- **EXERCISE PROMPT**
Once the pictures are removed, reproduce what is left of the data below exactly.

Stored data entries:

◆ ◆ ◆

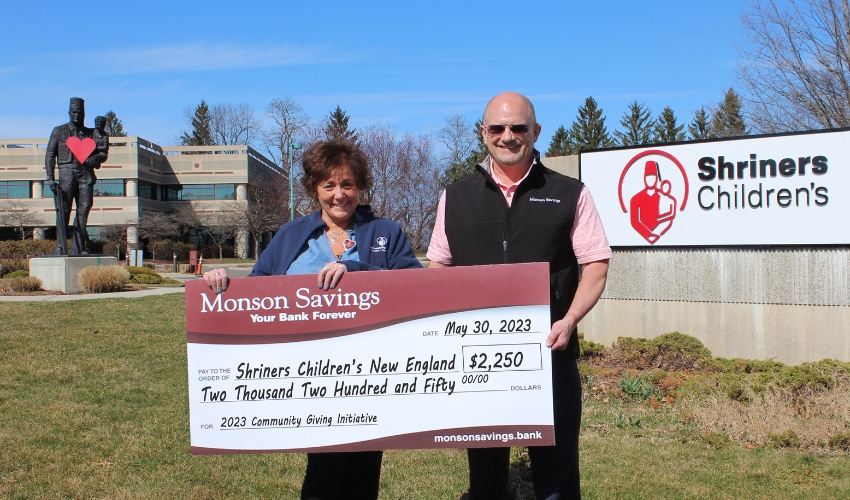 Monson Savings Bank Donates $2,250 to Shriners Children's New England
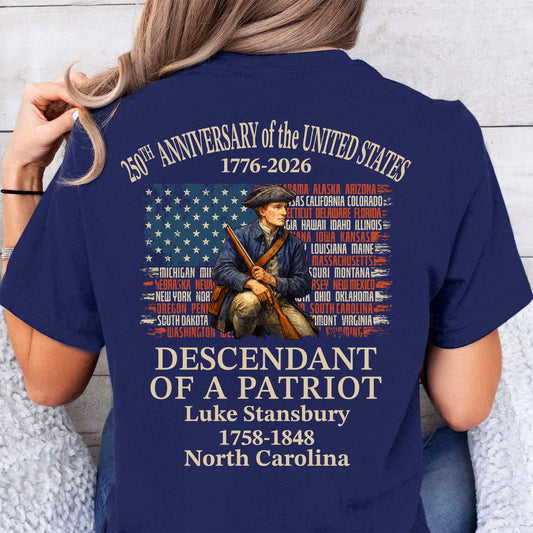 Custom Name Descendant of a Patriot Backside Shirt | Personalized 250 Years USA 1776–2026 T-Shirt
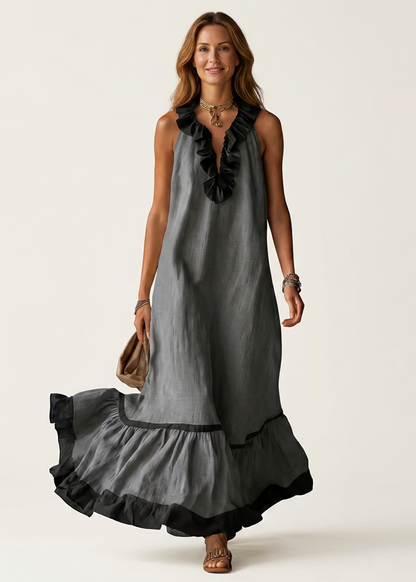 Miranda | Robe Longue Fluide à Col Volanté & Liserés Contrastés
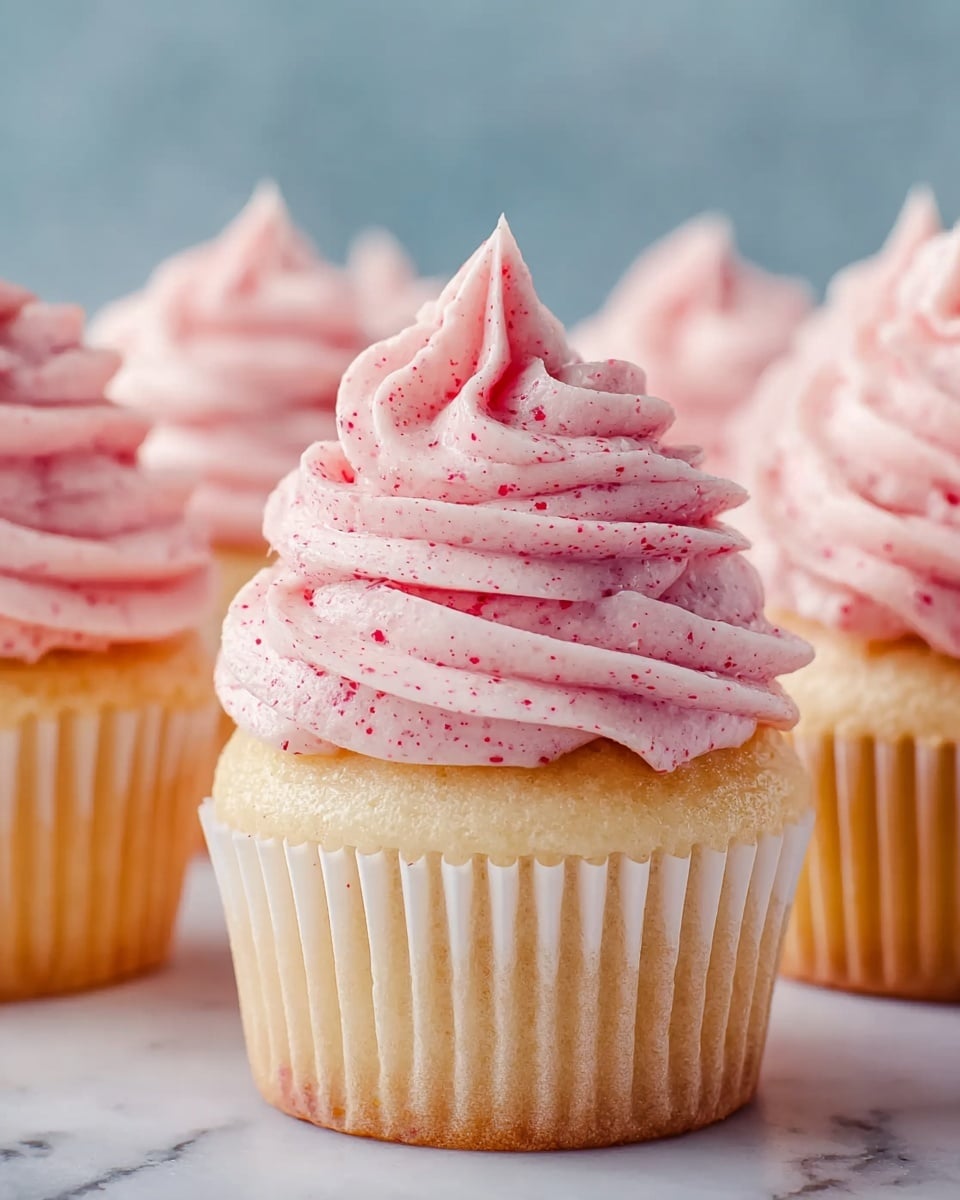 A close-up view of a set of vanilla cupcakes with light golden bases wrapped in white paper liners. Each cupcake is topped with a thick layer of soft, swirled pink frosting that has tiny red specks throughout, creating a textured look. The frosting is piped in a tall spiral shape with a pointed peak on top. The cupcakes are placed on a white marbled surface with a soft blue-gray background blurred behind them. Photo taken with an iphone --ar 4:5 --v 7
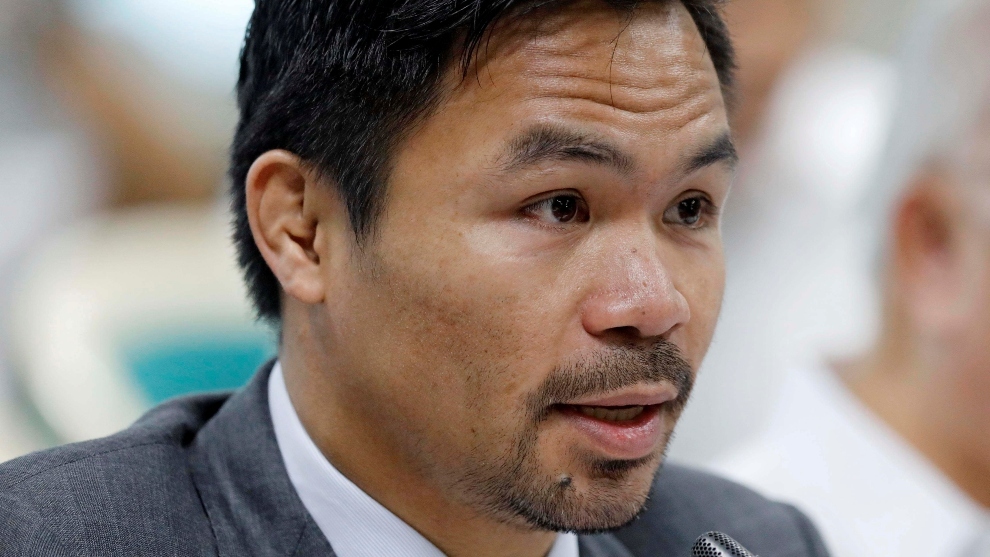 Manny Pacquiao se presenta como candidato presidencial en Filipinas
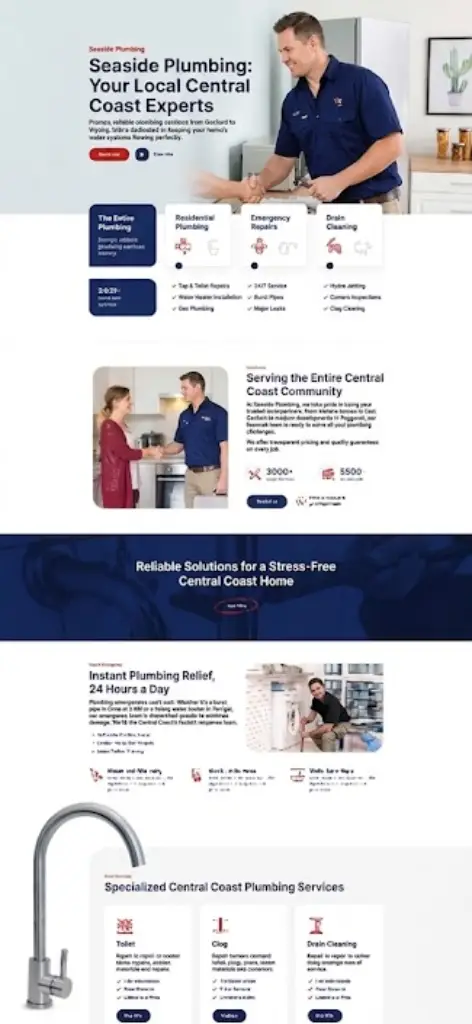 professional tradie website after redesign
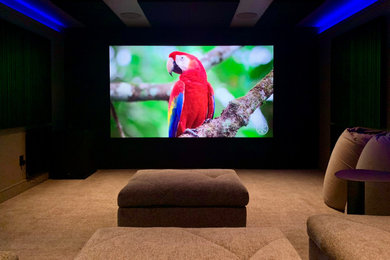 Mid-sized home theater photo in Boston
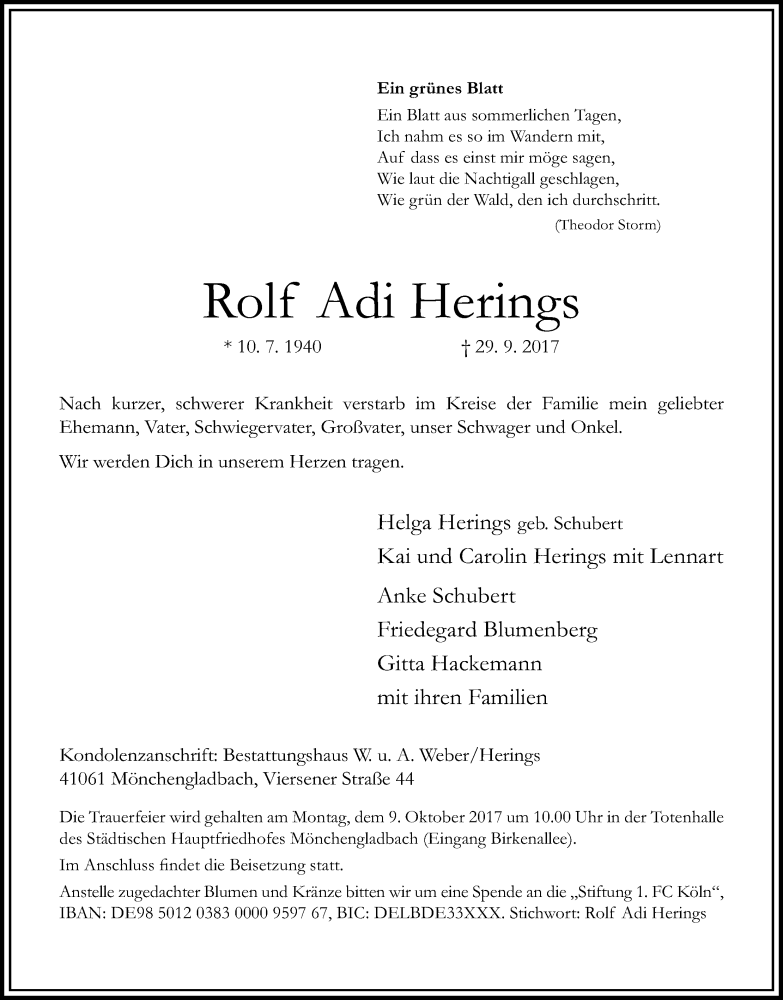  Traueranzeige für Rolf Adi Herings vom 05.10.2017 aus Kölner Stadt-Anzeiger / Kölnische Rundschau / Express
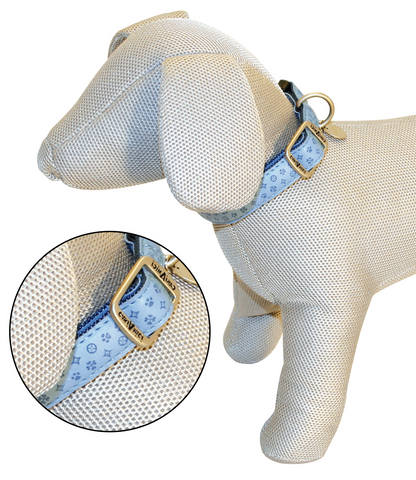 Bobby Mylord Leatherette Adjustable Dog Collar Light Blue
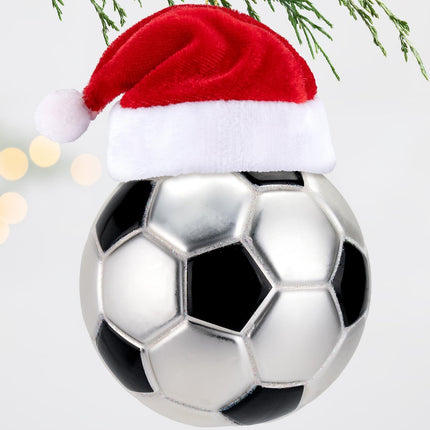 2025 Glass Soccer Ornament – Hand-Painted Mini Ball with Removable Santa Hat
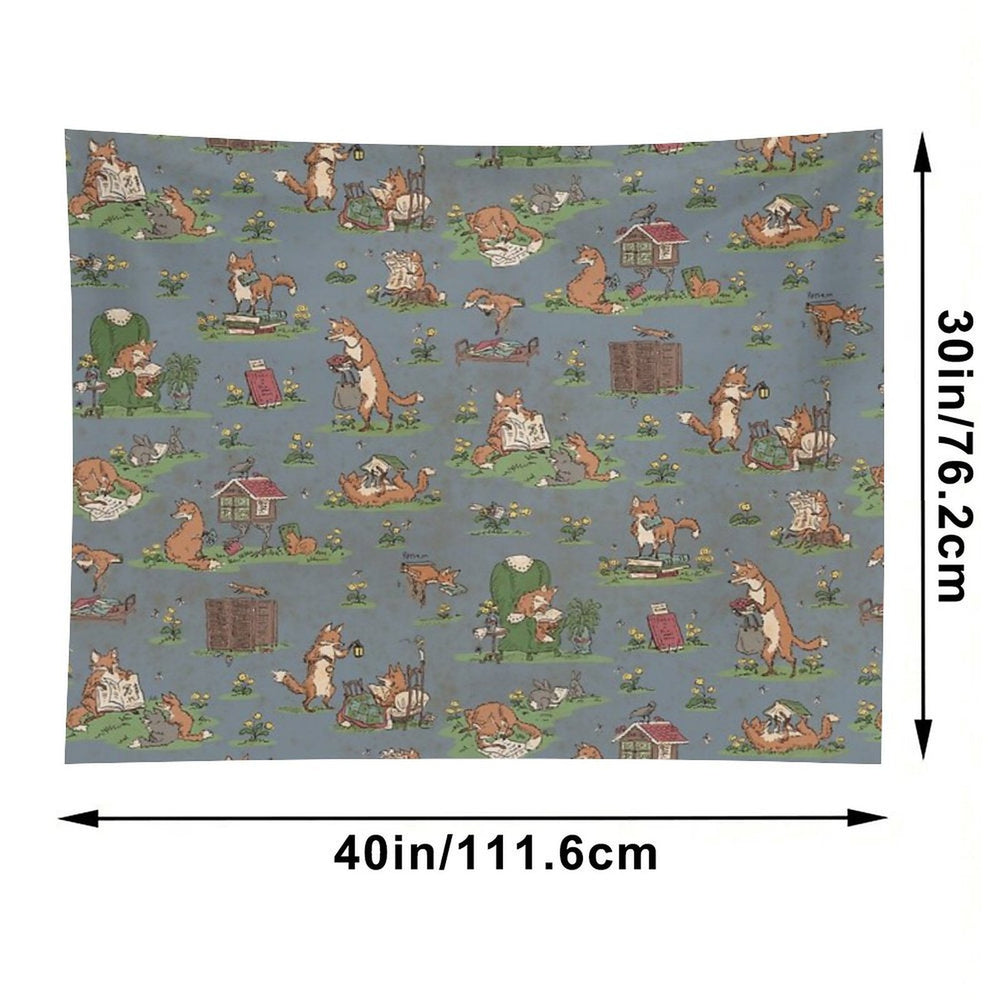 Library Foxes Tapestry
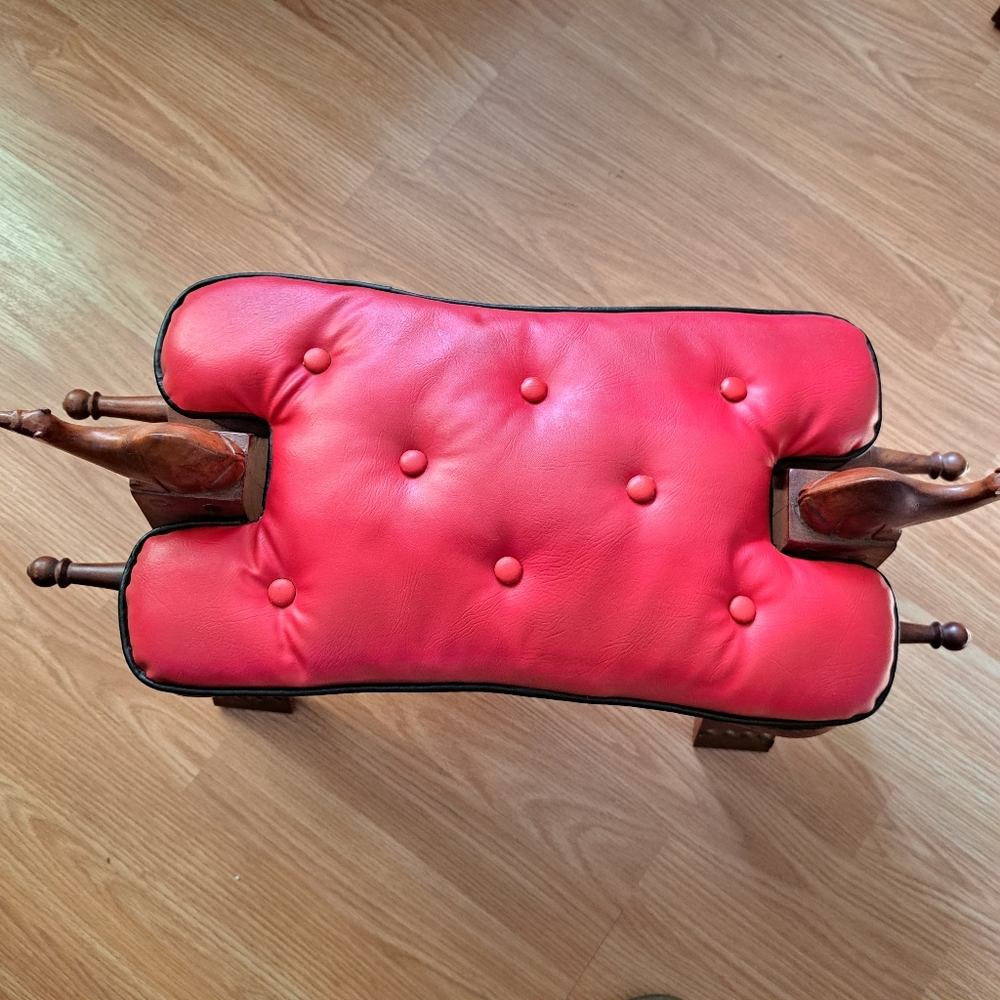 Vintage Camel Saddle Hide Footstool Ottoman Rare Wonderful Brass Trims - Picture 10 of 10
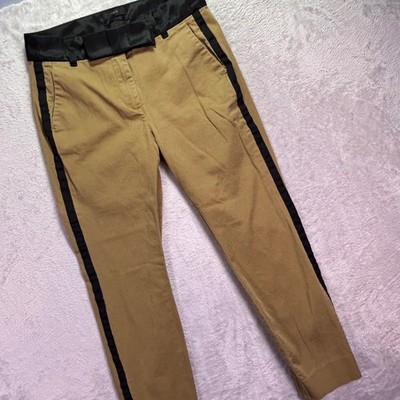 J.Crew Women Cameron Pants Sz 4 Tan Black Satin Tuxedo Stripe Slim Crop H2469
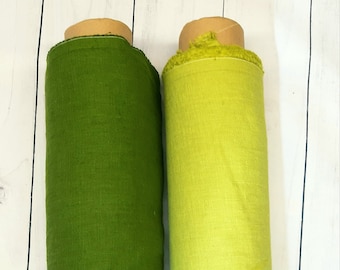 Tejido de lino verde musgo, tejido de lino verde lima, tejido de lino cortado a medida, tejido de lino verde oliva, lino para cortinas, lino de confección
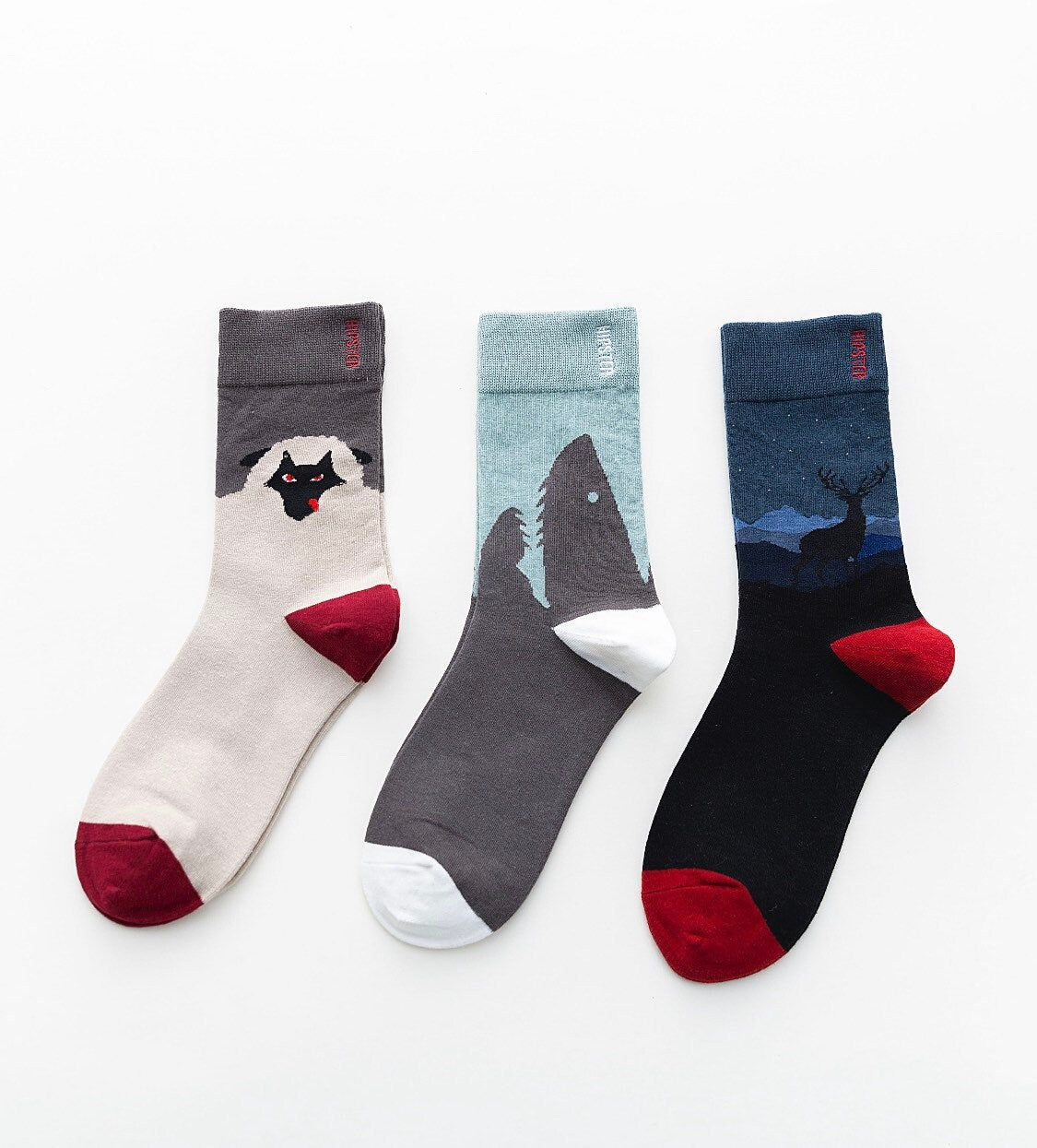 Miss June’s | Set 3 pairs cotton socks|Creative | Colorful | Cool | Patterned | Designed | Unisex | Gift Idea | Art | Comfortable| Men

◆ ◆ ◆

- **OUTPUT FOR THIS TASK**
 Monson Savings Bank Donates $2,250 to Shriners Children's New England
 Custom Name Descendant of a Patriot Backside Shirt | Personalized 250 Years USA 1776–2026 T-Shirt
 Miranda | Robe Longue Fluide à Col Volanté & Liserés Contrastés
 A close-up view of a set of vanilla cupcakes with light golden bases wrapped in white paper liners. Each cupcake is topped with a thick layer of soft, swirled pink frosting that has tiny red specks throughout, creating a textured look. The frosting is piped in a tall spiral shape with a pointed peak on top. The cupcakes are placed on a white marbled surface with a soft blue-gray background blurred behind them. Photo taken with an iphone --ar 4:5 --v 7
 Manny Pacquiao se presenta como candidato presidencial en Filipinas
 professional tradie website after redesign
 Mid-sized home theater photo in Boston
  Traueranzeige für Rolf Adi Herings vom 05.10.2017 aus Kölner Stadt-Anzeiger / Kölnische Rundschau / Express
 Bobby Mylord Leatherette Adjustable Dog Collar Light Blue
 2025 Glass Soccer Ornament – Hand-Painted Mini Ball with Removable Santa Hat
 Library Foxes Tapestry
 Vintage Camel Saddle Hide Footstool Ottoman Rare Wonderful Brass Trims - Picture 10 of 10
 J.Crew Women Cameron Pants Sz 4 Tan Black Satin Tuxedo Stripe Slim Crop H2469
 Tejido de lino verde musgo, tejido de lino verde lima, tejido de lino cortado a medida, tejido de lino verde oliva, lino para cortinas, lino de confección
 Miss June’s | Set 3 pairs cotton socks|Creative | Colorful | Cool | Patterned | Designed | Unisex | Gift Idea | Art | Comfortable| Men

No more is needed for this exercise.